Goff sets sights on clampers
Mayor and Labour’s Wood to submit bill to Parliament seeking to regulate enforcers
Momentum building against cowboy clampers as Auckland’s mayor rejoins the fight to properly regulate the industry. Phil Goff and Labour’s consumer affairs spokesman Michael Wood intend to submit a local bill in Parliament asking for more powers to regulate private parking enforcement.
The move comes after a Herald investigation showed parking enforcers were clamping wheels within seconds of their owners leaving one Mt Eden car park, forcing distressed drivers to pay on-the-spot fees of $150 to have the clamp released.
Goff was extremely outspoken about wheel clamping when he was the MP for Mt Roskill, calling parking enforcers bullies who were running is a “money-making racket”.
When approached this month he was initially reluctant to take action on the issue, but now appears to be taking a stronger stance.
He said that despite the introduction of a voluntary code of practice in 2015, the issue of clamping was “the same as it’s always been”.
“I think too often there’s a temptation to use [clamping] as a moneymaking exercise.”
Hefty fees were “totally out of proportion” for a few minutes of parking, even if the driver was in the wrong.
Goff would be seeking responses from council to see if the bill has wider support once Wood had cleared its submission with the clark’s office, he said.

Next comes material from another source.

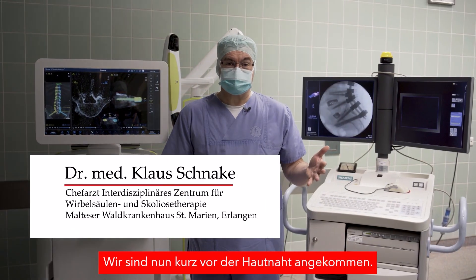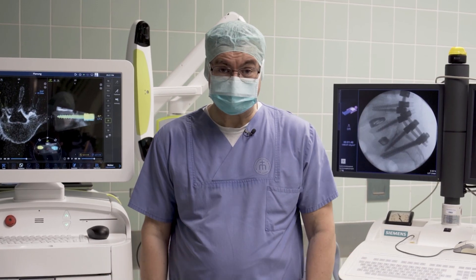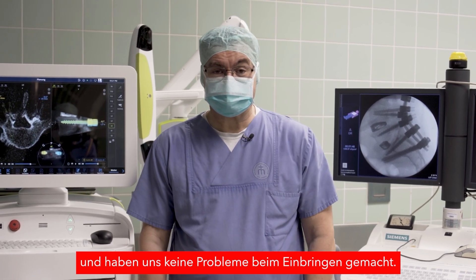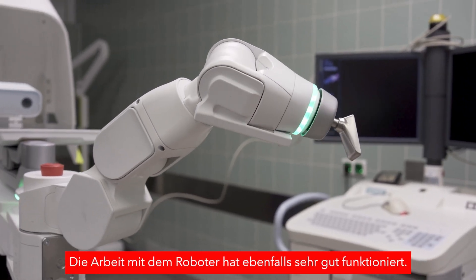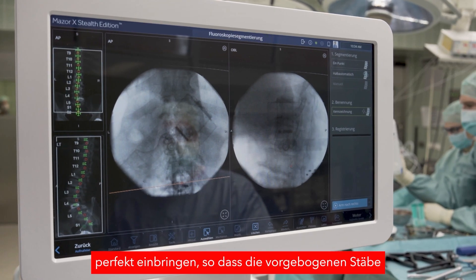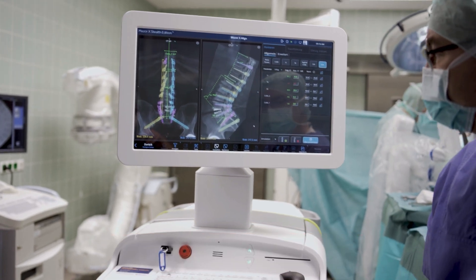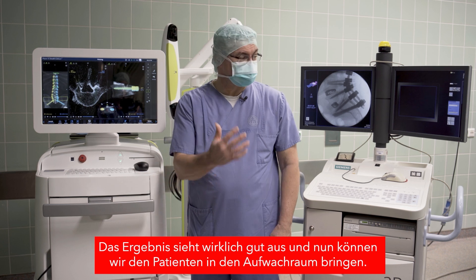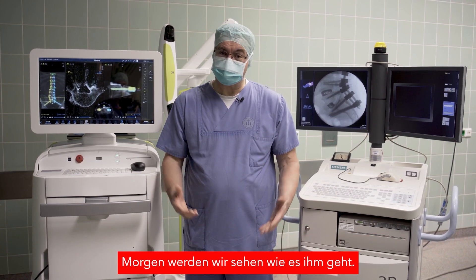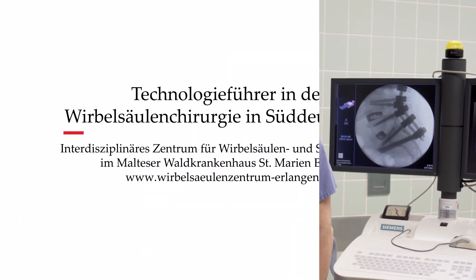We are about to close the skin now. The unit rods fitted perfectly — no worry, no hassle to place them. The work with the robot went well as well; with the Masore we could place all the screws in the perfect position so that the pre-bent rod fitted as we had planned it. We are quite happy, it looks really good, and now we will send the patient to the recovery room. We'll see how he is doing tomorrow. Thank you very much and take care.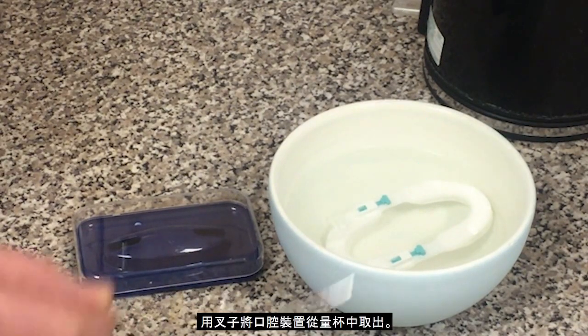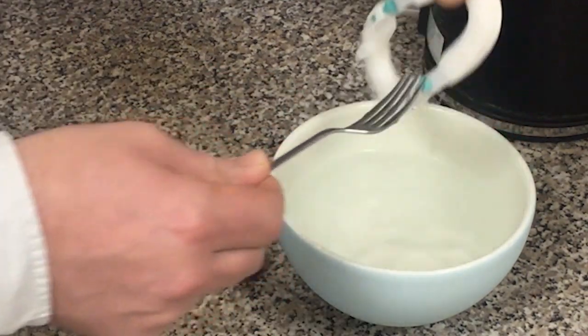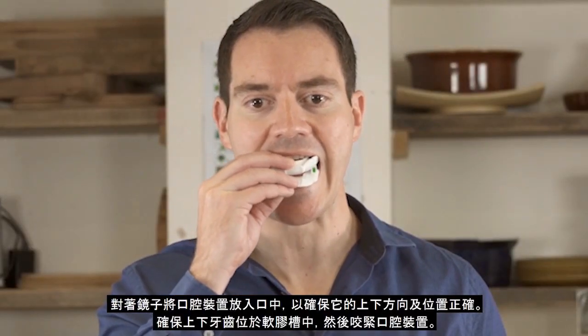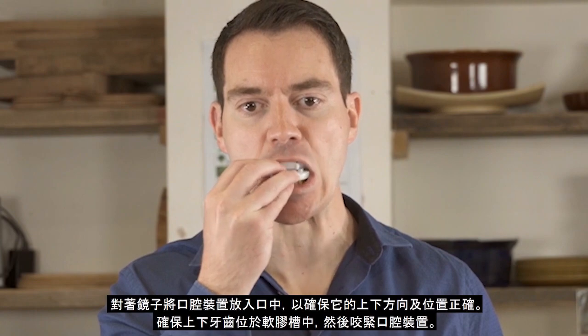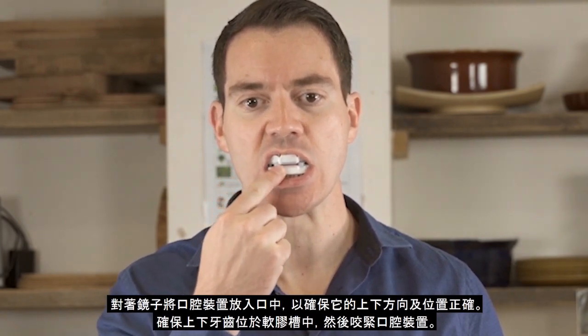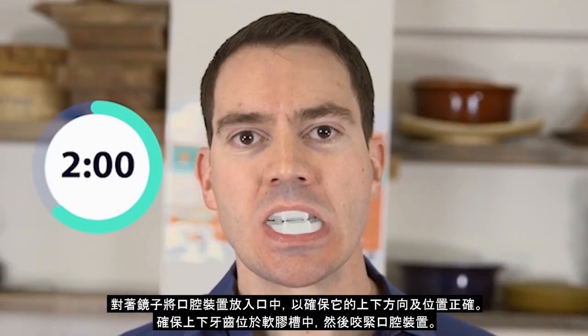Remove the Oral Device from the bowl or jug using a fork. Place the Oral Device in your mouth — you can use a mirror to check it is in the correct position. Ensuring your teeth are within the channels, bite down for 2 minutes to allow the soft plastic to mould to your teeth.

Labour has also submitted a private member’s bill seeking to make the current voluntary code of conduct which regulates parking enforcement compulsory — but it has been in the ballot for more than a year.
Local bills avoid the usual members’ ballot and have priority in Parliament over ordinary members’ bills.
Goff hoped the act of submitting a local bill would be an incentive for Consumer Affairs Minister Jacqui Dean to act faster on a nationwide solution for the issue.
Dean told the Herald she was waiting for advice from officials about wheel clamping but had not had time to look into it yet.
National MP for Auckland central Nikki Kaye has also said she would be looking into clamping.
Wood said he believed the minister was choosing not to prioritise the issue.
While Dean was new to the role, having taken on the portfolio last December, Wood said so far he wasn’t impressed with her handling of consumer issues.
“There have been two serious issues that have come up in that time — free-range eggs, and this issue, and there isn’t exactly a lightning speed action to either of them.”